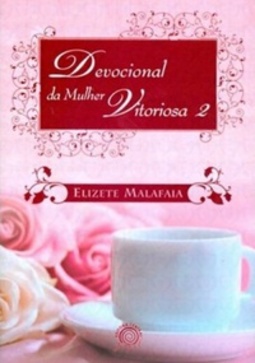 Devocional da Mulher Vitoriosa Vol. 2 #2
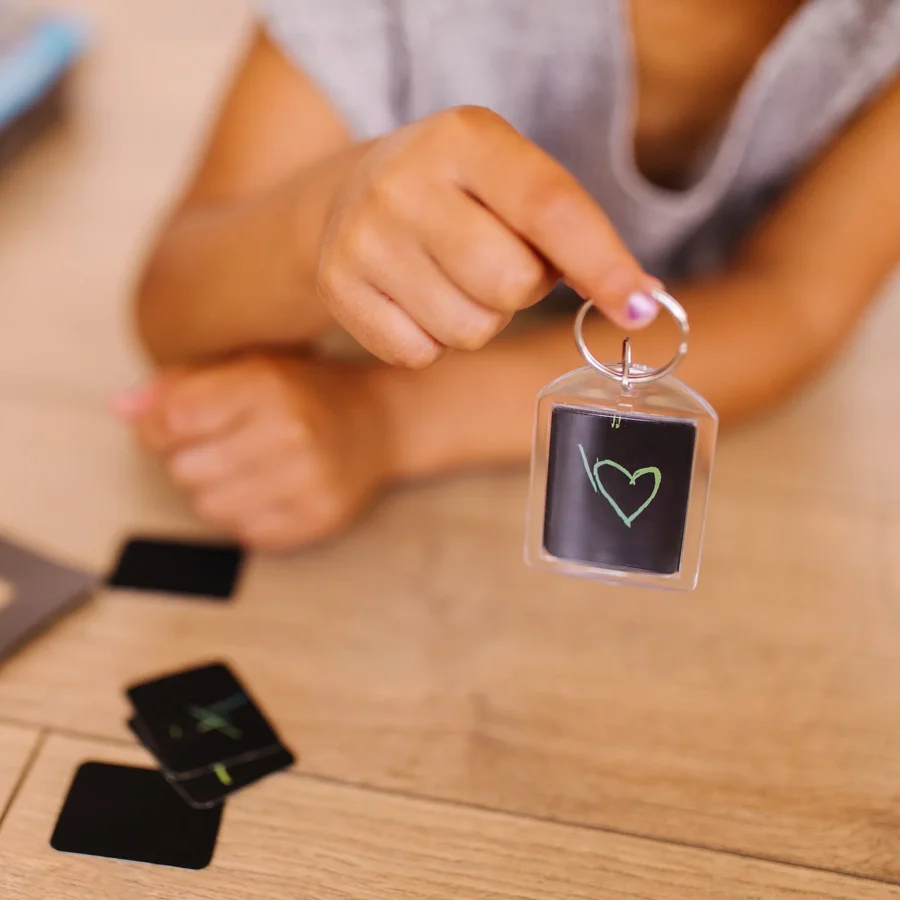 Melissa & Doug Scratch Art Set, Deluxe Party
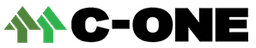 C-One Logo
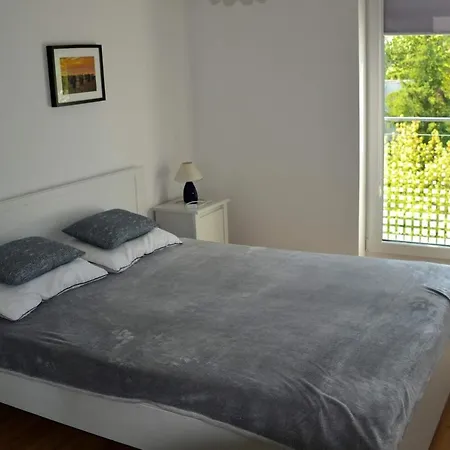 Apartment Solny 304 Kolberg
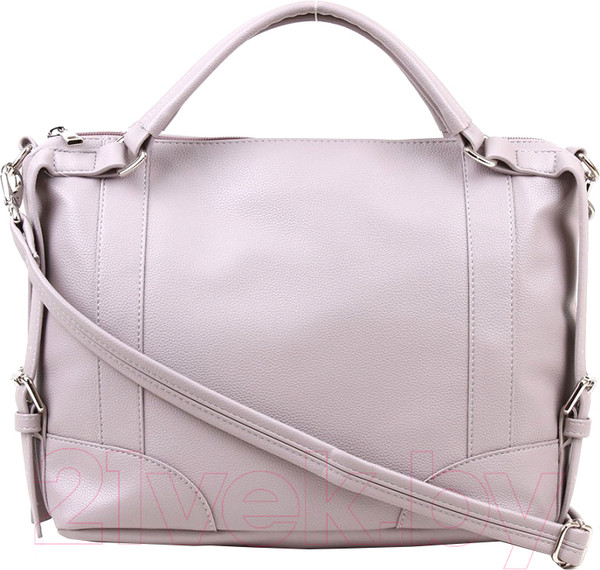 Изображение товара Сумка Медведково 23с0315-к14 (лавандовый)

## Task
Reproduce the whole listing verbatim and keep all pictures out of it.

## Answer space
 Devocional da Mulher Vitoriosa Vol. 2 #2
 Melissa & Doug Scratch Art Set, Deluxe Party
 C-One Logo
 Apartment Solny 304 Kolberg
 Изображение товара Сумка Медведково 23с0315-к14 (лавандовый)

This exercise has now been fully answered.